Yemen - What Lies Ahead?

Michael Young

Abed-Rabbo Mansour Hadi was sworn in as president. Mohammed Huwais/Agence France-Presse - Getty Images.
In a sense, the people of Yemen have emerged largely victorious out of the Arab uprisings that have shaken the region since early 2011. In November last year, Yemen’s president of thirty-three years Ali Abdullah Saleh finally announced that he was going to step down amid mounting protest and rising violence. However he only announced this once he could be sure that he will be immune from any prosecution, and his family can still control most of Yemen including the armed forces. His successor, Abed-Rabbo Mansour Hadi, was sworn in as president just last month after elections which have been hailed as representing a ‘new beginning’ for Yemen (despite there being only one candidate to choose from on the ballot, and him winning by 99.6% of the vote). Yemen is therefore going through its first political transition for the first time in a generation, but what lies ahead for the poorest country in the Middle East which is on the verge of economic collapse and currently a hotspot for al-Qaeda?
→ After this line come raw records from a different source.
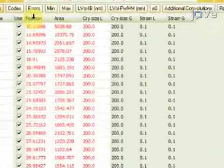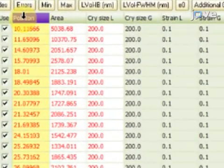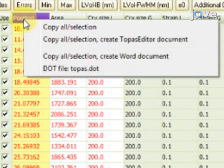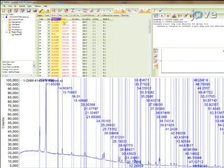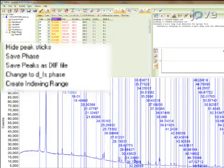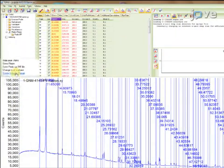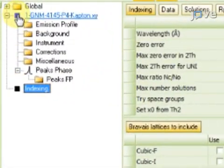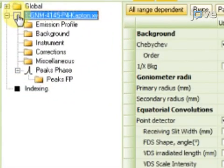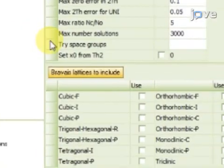Mark all peaks yellow by clicking on Position, then left-click in the yellow marked column. Copy the selection and select Create Indexing Range. Deselect the range, select Range Indexing, and then select all Bravais Lattices.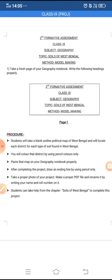After completing this entire work, you will take a proper photo of it and make a proper PDF file. Rename it by writing your name and roll number on it. For doing this entire project, you can take help from your geography textbook, chapter Soils of West Bengal.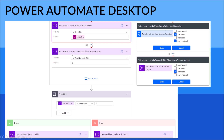Next, set variable_total_number_of_tries on success: set the value equal to three. What this does is if the Power Automate Desktop is successful, it will skip the set variable_number_of_tries when failure step, and go straight to set variable_total_number_of_tries when success. To set this up, click on the triple dot, Configure Run After, and then click Skip — so set variable_number_of_tries when failure is skipped. This will let the flow stop.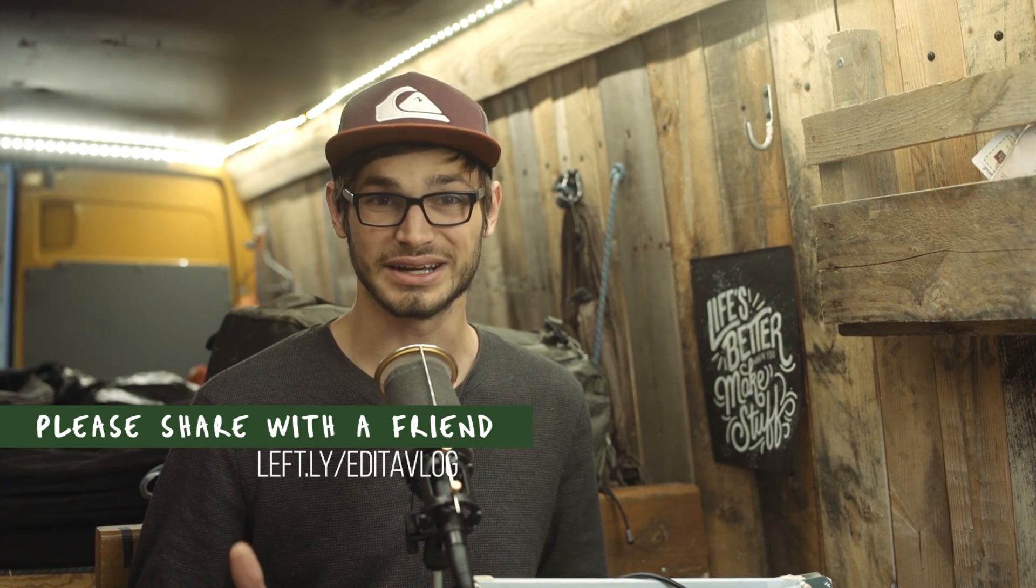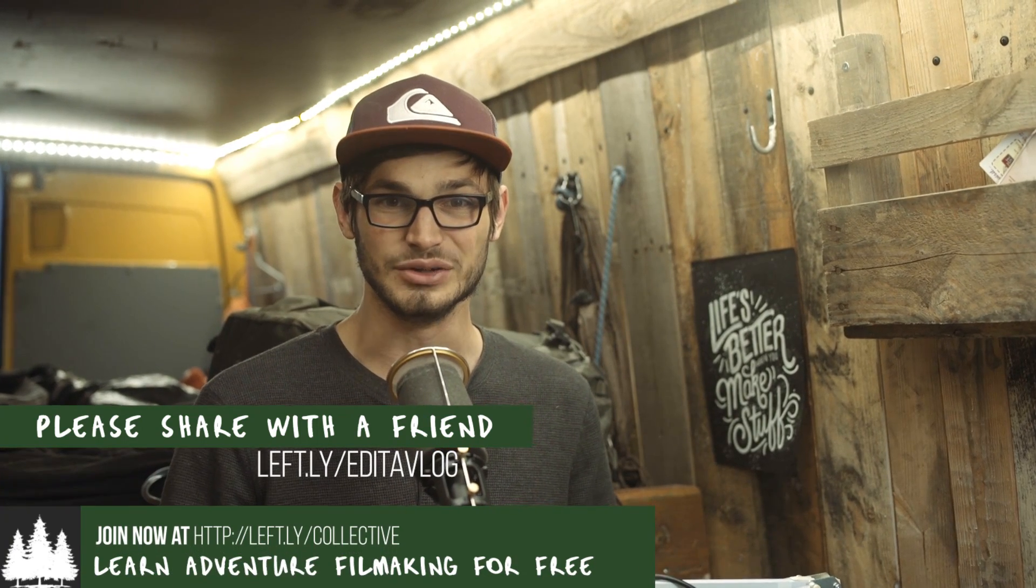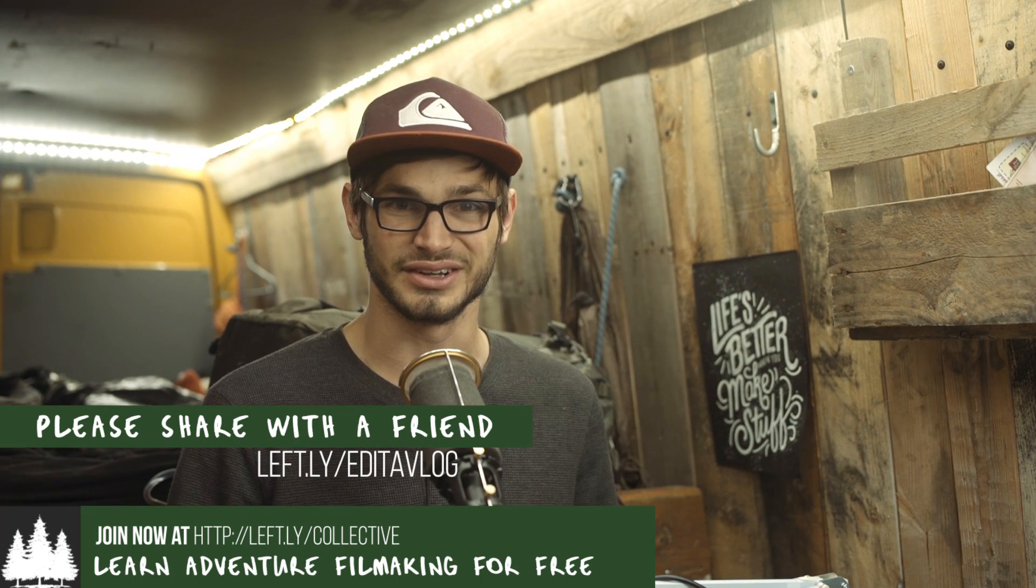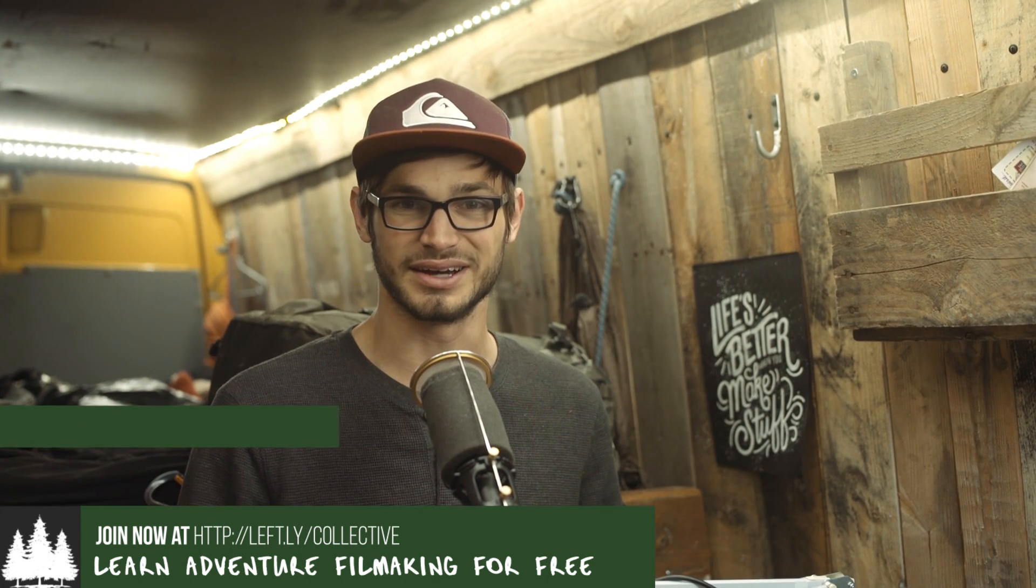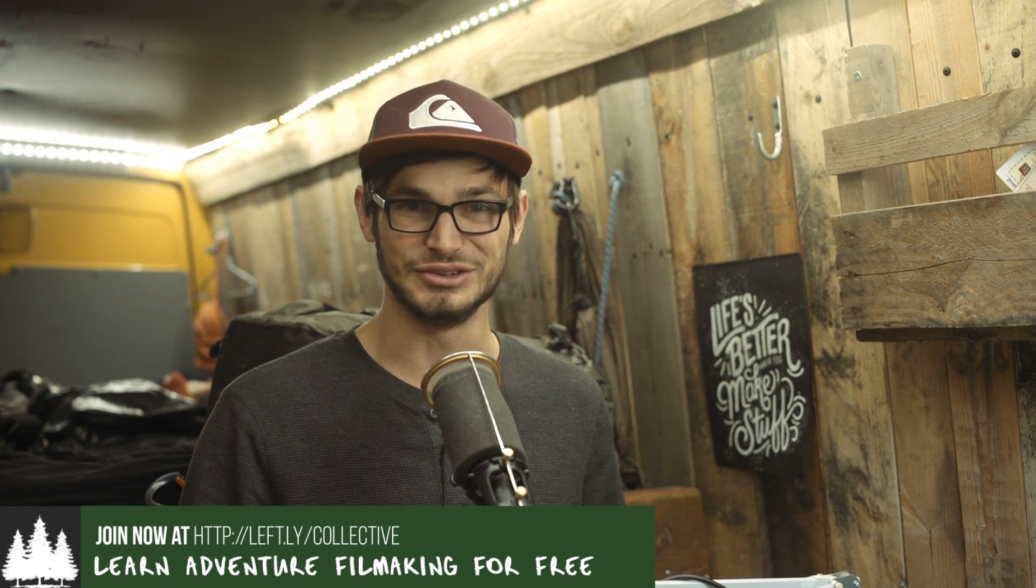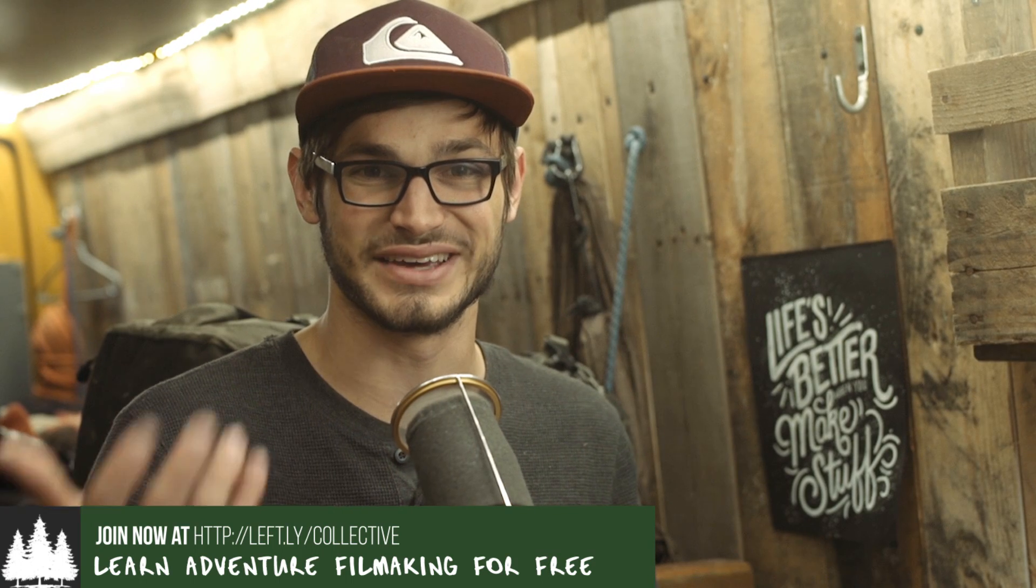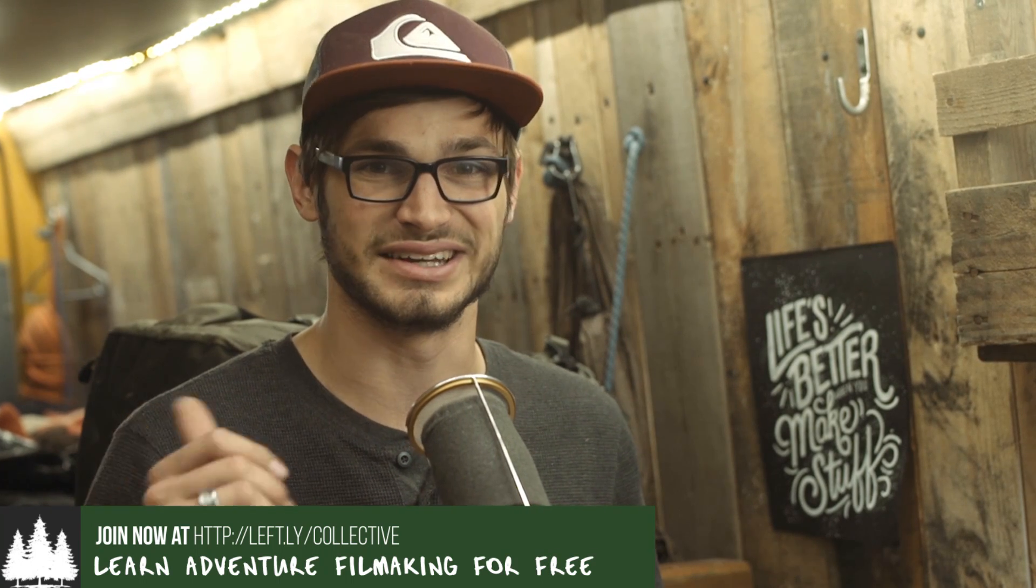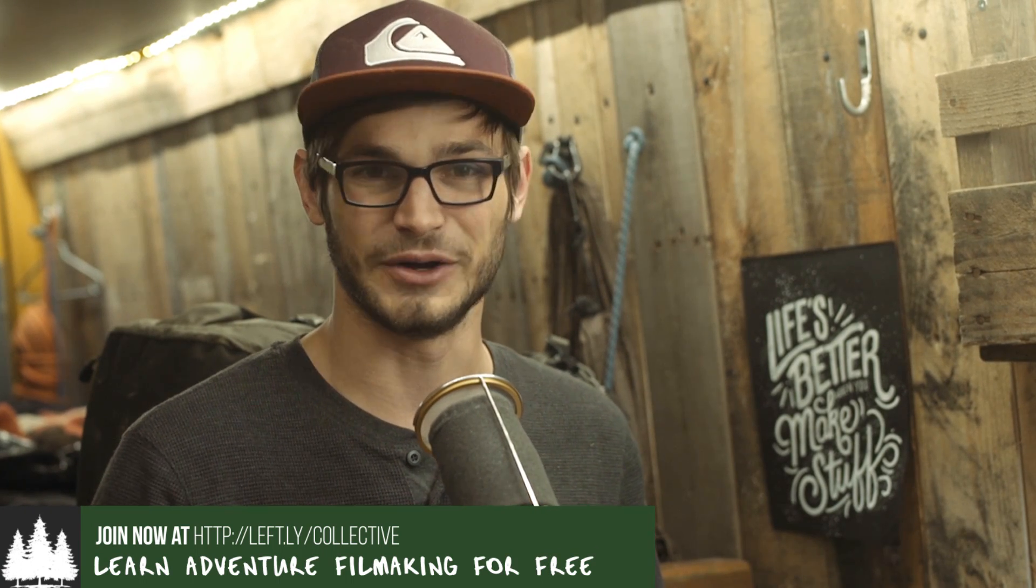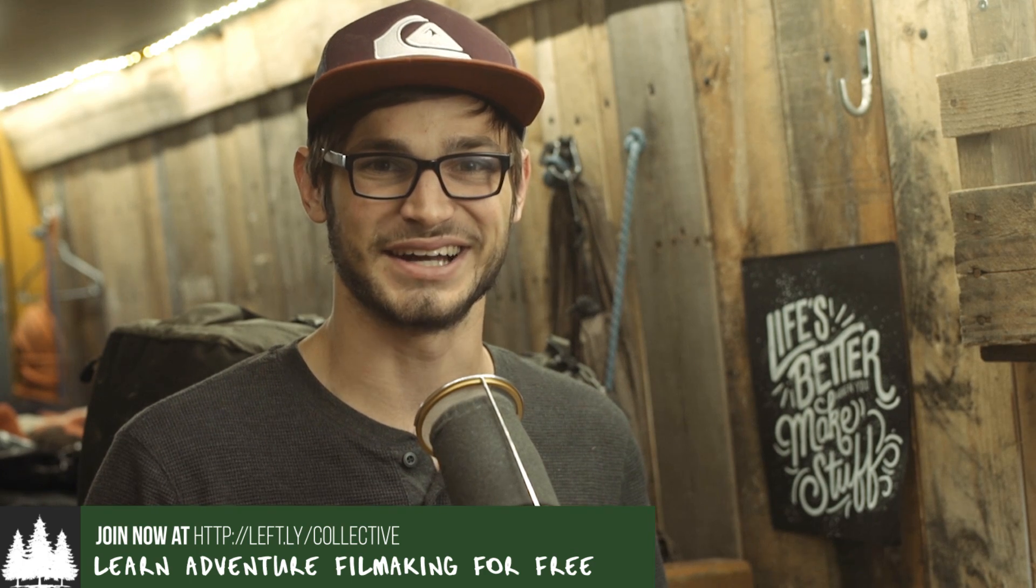And you could also join the collective if you want. It's my free newsletter where I send out all my videos early and all the adventure filmmaking content that I'm putting out in my new tutorials. And the best part is you get direct access to me so you can email me any of your questions. So remember guys, until next time, life's better when you make stuff.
The change in Yemen received much less Western media coverage than that prescribed to countries such as Libya, Egypt, Tunisia and arguably Bahrain. In recent years, the main stories to come out of Yemen have focused on the presence of affiliate ‘Al-Qaeda in the Arabian Peninsula’ (AQAP) within the country, supposedly operating as an affiliate of al-Qaeda itself. But with the killing of Anwar Al-Awlaki by a US drone last year, which Obama labelled as a “major blow to al-Qaeda’s most operational affiliate”, it is clear that the West has taken upon itself to disrupt terrorist operations in the country. 

The situation in Yemen is important. Since the failed Christmas Day bombing of a US airliner over Detroit, and the failed Cargo Plane bombs in 2010, Yemen is now considered as a stronghold for al-Qaeda inspired terrorism – a place where terrorists can easily plan, plot and organise attacks against targets in Europe and the US. Any instability in Yemen provides terrorists with an opportunity to expand and recruit – in fact, it is thought that the West were initially hesitant to accept that Saleh must go, due to his compliance with the West over the issue of al-Qaeda and the fact that collapse of the regime and the resulting anarchy could enable al-Qaeda to take an even stronger presence in the country. Saleh had been submissive to the demands of the West and was a vital ally against al-Qaeda in the region, allowing the US to train Yemeni personnel in the fight against AQAP. 
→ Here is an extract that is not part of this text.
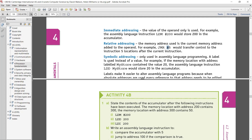The next one is symbolic addressing, which will be discussed right now. It is used in assembly language programming. A label is used instead of a value. The use of a label is going to be a little bit easier for humans compared to using a number. For example, if the memory location labeled 'myStore' contains the value 20, we will use the label 'myStore' instead of the value 20 as such, because it means the same but is easier to comprehend.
Upon being sworn into office, Hadi vowed to continue the war on al-Qaeda in the country just like his predecessor. Yet the first terrorist incident in the country under the new regime occurred within just hours of his inauguration, when a car bomb in the south-east city of Mukalla exploded, killing 26. It is clear that the new regime is going to need a considerable amount of help from the West to combat al-Qaeda. Since the attempted Christmas Day and Cargo Plane bombings, the US recognises that it needs to invest heavily in counterterrorism in the country. It is reportedly spending tens or maybe hundreds of millions on it, mainly training Yemeni soldiers.

It is not simply al-Qaeda which is causing divisiveness in Yemen – the country has the problem of many different tribal factions competing for power. There are secessionist movements operating in a South and have been for some time – they are unlikely to be appeased by the Hadi. Rebel tribes have made themselves known in recent years, attacking oil pipelines which have made the availability of oil even scarcer – Yemen is forced to now import oil from neighbouring countries, driving up the price even further. There is also a serious water shortage, and it is thought that Sana’a could be the world’s first capital city to run out of water.

Yemen is the poorest country in the Middle East, and its economy has been close to collapsing, even before the unrest started last year. Unemployment is high, food prices are constantly rising, and power cuts are daily – all of which contributed to the discontent against Saleh last year. It is thought that through this domestic struggle, and most notably through the poverty which is rife in the country, that al-Qaeda is managing to garner support.

It is unclear what the UK’s current attitude is towards Yemen. The government seems to be acting prudent, largely leaving the US to combat the al-Qaeda splinter group within the country. Hopefully the regime change will bring about the stability that the Yemeni people so badly need, and Hadi will address the internal problems that are not only plaguing the country’s economy but also strengthening al-Qaeda. A strong, stable and anti-extremist Yemen is in the interest of the UK and the West – it is one of the only countries in the region that al-Qaeda seem currently able to operate with ease. From a counterterrorism perspective, securing Yemen should be a foreign policy objective for 2012.